At the same time, the administration has changed its emphasis on penalties and compliance. Where preceding reports of the Obama administration undertook to pursue national sanctions, such as countervailing duties as well as WTO cases, the Trump report switches the emphasis to national penalties.
The report suggests that the trading relationship between China and the US is woefully bad, and much worse than it was. The reality is distinctly different. In the decade from 2006 to 2016, the last year for which we have full-year data, US goods exports to China increased at nearly twice the rate of China exports to the US: 116% compared to 61%, using US Census Bureau numbers.
While the trade deficit with China rose dramatically in the early years of the last decade, it now pretty much keeps pace with the US economy. It was 1.7% of US GDP in 2006, and 1.8% a decade later, again using Census Bureau numbers.
Presumably the main point of trade negotiations with China is to increase US exports to that country. While cutting Chinese exports to the US contributes to closing the trade deficit, it can only do so by raising costs for US business and reducing real incomes for American households.
But the USTR report has bafflingly little to say about increasing US exports to China. There are objections to remaining restrictions on farm imports and complaints about provincial government procurement preference for local products, but there is no plausible story suggesting that changes in China might dramatically increase the rate of growth of imports from the US. (Nor is there a plausible story suggesting that any large part of China’s exports to the US are sold at less than the cost of production.)
Part of the problem is that the USTR report and Trump’s rhetoric are rooted in times long past. China’s current account surplus was just short of 10% of GDP in 2007. By 2016 it was down to 1.7%. The current US account deficit peaked at 5% of GDP in 2004. In 2016 it was half that share, and there have been comparable shrinkages of the trade balances of both economies.

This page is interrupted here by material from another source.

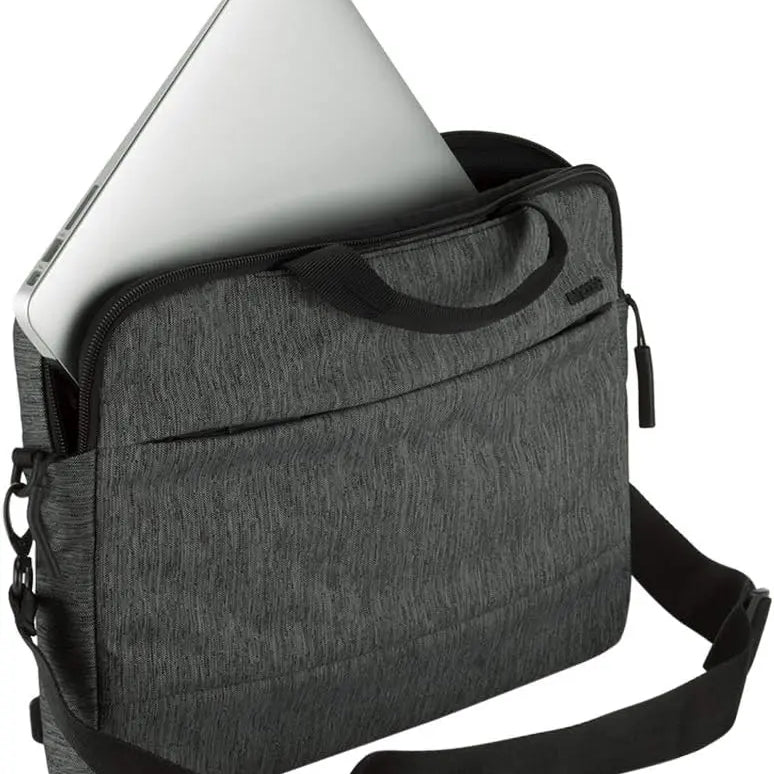 City Brief 16-inch |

Taken literally, Lighthizer’s report threatens what amounts to a sustained campaign of trade sanctions against China, one designed to force a change in China’s economic model. If attempted, it would certainly fail because China will not be dictated to on such fundamental principles of political and economic organisation. It would fail, and at great cost.
How likely is the Trump administration to make the attempt at all? The question comes at a time when US and global economic growth are both picking up after two years of a modest expansion in global trade. Like its predecessors, the Trump administration will go as far as it can in extracting trade concessions from China, but not so far as to risk the economic expansion upon which its political fortunes depend.
None of this is to deny the difficulties that could potentially arise if the Trump Administration goes hard on China with a blizzard of dumping actions, countervailing duties, and WTO complaints. But it does remind us that both China and the US have very different economies now compared to 2001 when the US, after prolonged negotiation, supported the entry of China into the WTO.
The Trump administration now says that US support was a “mistake”. In 2001 China’s output was little more than a tenth of US output, both measured in US dollars. It is now nearly two-thirds of US output in US dollars. On IMF purchasing power measures, China’s GDP is already bigger than America’s. The US is still a bigger importer than China, but they are now about equivalent as exporters. Together they account for nearly a quarter of global exports, and roughly the equivalent share of world imports. Mistake or not, there is no going back.